_Work instructions_
Among the entries that follow, the required portion opens with the line containing "Humidity during monsoons" and closes with the line containing "In terms of". Give that portion again exactly, and nothing else.

_Data extract_
Content starts

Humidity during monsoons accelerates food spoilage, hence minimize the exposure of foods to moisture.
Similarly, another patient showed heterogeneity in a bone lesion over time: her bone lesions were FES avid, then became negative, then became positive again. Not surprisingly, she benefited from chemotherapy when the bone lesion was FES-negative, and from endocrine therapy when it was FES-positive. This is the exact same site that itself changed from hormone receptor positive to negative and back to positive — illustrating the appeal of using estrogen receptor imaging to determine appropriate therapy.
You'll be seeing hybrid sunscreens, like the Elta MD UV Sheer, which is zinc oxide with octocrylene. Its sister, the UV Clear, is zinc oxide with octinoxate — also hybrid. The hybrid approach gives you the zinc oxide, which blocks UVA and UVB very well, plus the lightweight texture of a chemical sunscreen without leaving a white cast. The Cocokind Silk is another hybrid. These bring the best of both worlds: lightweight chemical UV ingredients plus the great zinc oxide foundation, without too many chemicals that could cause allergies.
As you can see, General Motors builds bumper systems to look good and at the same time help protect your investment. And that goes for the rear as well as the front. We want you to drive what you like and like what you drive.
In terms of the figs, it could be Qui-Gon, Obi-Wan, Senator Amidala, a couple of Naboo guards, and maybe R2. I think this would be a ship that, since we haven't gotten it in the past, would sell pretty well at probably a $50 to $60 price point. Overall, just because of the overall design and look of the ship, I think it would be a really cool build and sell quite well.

Content ends
Content starts

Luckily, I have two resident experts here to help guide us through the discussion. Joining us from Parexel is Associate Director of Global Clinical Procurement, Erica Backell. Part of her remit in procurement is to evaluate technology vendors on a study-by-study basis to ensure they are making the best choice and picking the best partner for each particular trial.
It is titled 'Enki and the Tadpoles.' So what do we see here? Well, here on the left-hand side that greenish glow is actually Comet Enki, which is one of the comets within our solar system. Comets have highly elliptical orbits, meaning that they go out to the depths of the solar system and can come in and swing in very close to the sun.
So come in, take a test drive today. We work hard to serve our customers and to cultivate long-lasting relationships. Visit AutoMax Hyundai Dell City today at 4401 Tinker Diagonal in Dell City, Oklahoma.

Content ends
Content starts

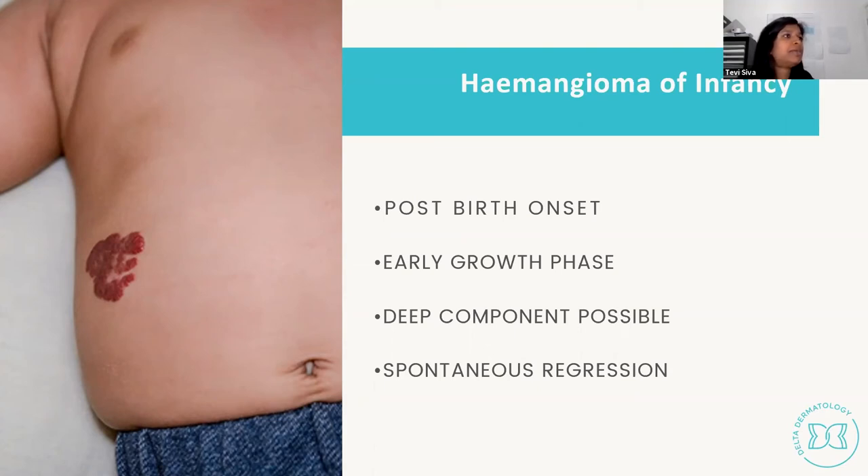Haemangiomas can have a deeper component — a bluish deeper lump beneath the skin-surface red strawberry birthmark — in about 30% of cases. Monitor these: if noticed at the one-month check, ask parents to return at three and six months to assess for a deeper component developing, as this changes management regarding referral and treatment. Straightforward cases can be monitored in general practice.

Content ends

_Result for this exercise_
Humidity during monsoons accelerates food spoilage, hence minimize the exposure of foods to moisture.
Similarly, another patient showed heterogeneity in a bone lesion over time: her bone lesions were FES avid, then became negative, then became positive again. Not surprisingly, she benefited from chemotherapy when the bone lesion was FES-negative, and from endocrine therapy when it was FES-positive. This is the exact same site that itself changed from hormone receptor positive to negative and back to positive — illustrating the appeal of using estrogen receptor imaging to determine appropriate therapy.
You'll be seeing hybrid sunscreens, like the Elta MD UV Sheer, which is zinc oxide with octocrylene. Its sister, the UV Clear, is zinc oxide with octinoxate — also hybrid. The hybrid approach gives you the zinc oxide, which blocks UVA and UVB very well, plus the lightweight texture of a chemical sunscreen without leaving a white cast. The Cocokind Silk is another hybrid. These bring the best of both worlds: lightweight chemical UV ingredients plus the great zinc oxide foundation, without too many chemicals that could cause allergies.
As you can see, General Motors builds bumper systems to look good and at the same time help protect your investment. And that goes for the rear as well as the front. We want you to drive what you like and like what you drive.
In terms of the figs, it could be Qui-Gon, Obi-Wan, Senator Amidala, a couple of Naboo guards, and maybe R2. I think this would be a ship that, since we haven't gotten it in the past, would sell pretty well at probably a $50 to $60 price point. Overall, just because of the overall design and look of the ship, I think it would be a really cool build and sell quite well.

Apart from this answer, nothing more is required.